Moduli of Trigonal Curves

TL;DR

This paper investigates the moduli space of trigonal curves, establishing bounds on the slope of trigonal fibrations, analyzing associated vector bundles, and describing the Picard group of the trigonal locus.

Contribution

It provides the exact upper bound for the slope of trigonal fibrations and relates Bogomolov-semistability to geometric divisors in the moduli space.

Findings

Established the upper bound ${36(g+1)}/(5g+1)$ for the slope.

Linked Bogomolov-semistability to the Maroni divisor in even genus cases.

Described the rational Picard group of the trigonal locus in the moduli space.

Abstract

We study the moduli of trigonal curves. We establish the exact upper bound of ${36(g+1)}/(5g+1)$ for the slope of trigonal fibrations.
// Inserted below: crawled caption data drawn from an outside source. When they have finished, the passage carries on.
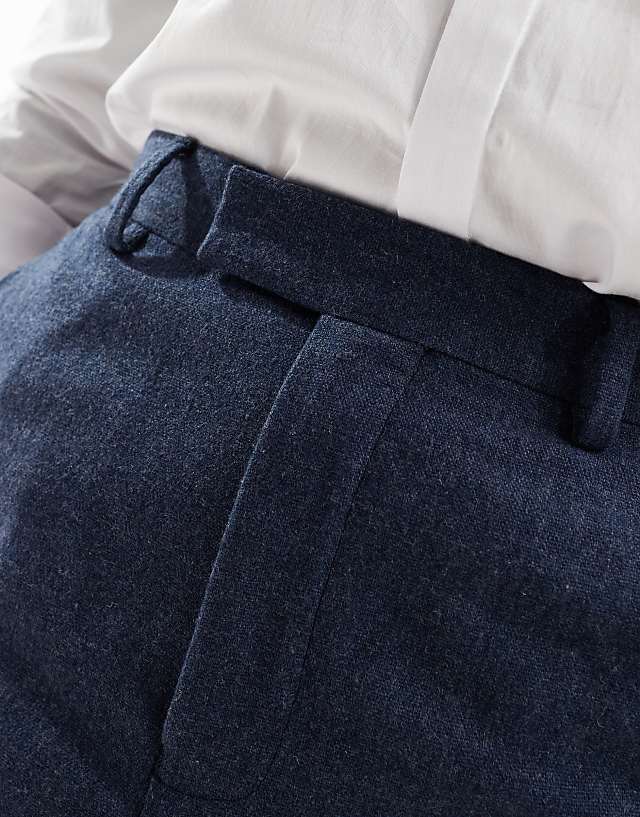 Asos ASOS DESIGN Smart High Waist Straight Leg Wool Mix Trousers In Navy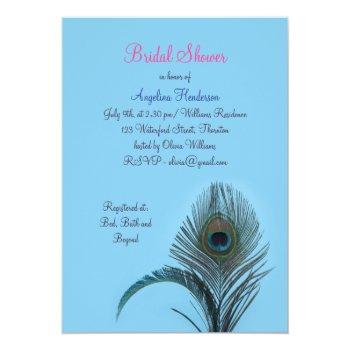 Elegant Peacock Bridal Shower (turquoise) Invitation Front View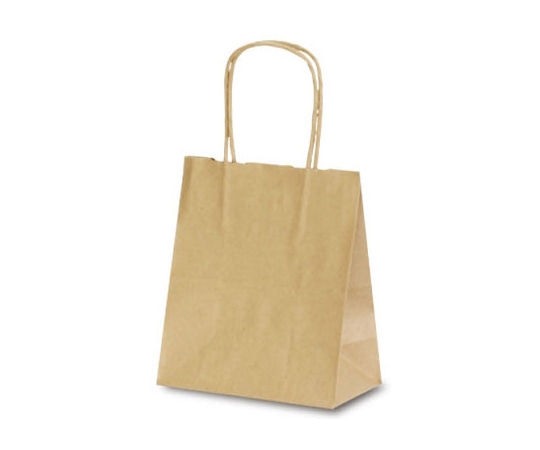 ベルベ 紙袋 自動紐手提袋 T-1 茶無地 200枚 1118 1ケース（ご注文単位1ケース）【直送品】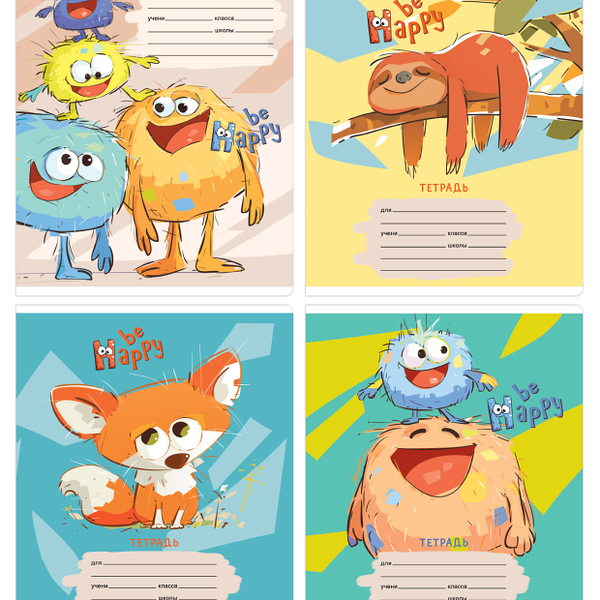 Тетрадь BG Милые монстрики линия, 12 л, 1шт, в ассортименте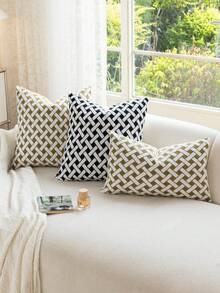 1pc Bohemian Style Pillowcase, Geometric Pattern Throw Pillow Cover For Living Room Sofa Bedroom Decoration - Black - View 9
Here, the slope of any fibration $X\to B$ of stable curves with smooth general member is the ratio $\delta_B/\lambda_B$ of the restrictions of the boundary class $\delta$ and the Hodge class $\lambda$ on the moduli space $\bar{\mathfrak{M}}_g$ to the base $B$. We associate to a trigonal family $X$ a canonical rank two vector bundle $V$, and show that for Bogomolov-semistable $V$ the slope satisfies the stronger inequality ${\delta_B}/{\lambda_B}\leq 7+{6}/{g}$. We further describe the rational Picard group of the {trigonal} locus $\bar{\mathfrak T}_g$ in the moduli space $\bar{\mathfrak{M}}_g$ of genus $g$ curves. In the even genus case, we interpret the above Bogomolov semistability condition in terms of the so-called Maroni divisor in $\bar{\mathfrak T}_g$.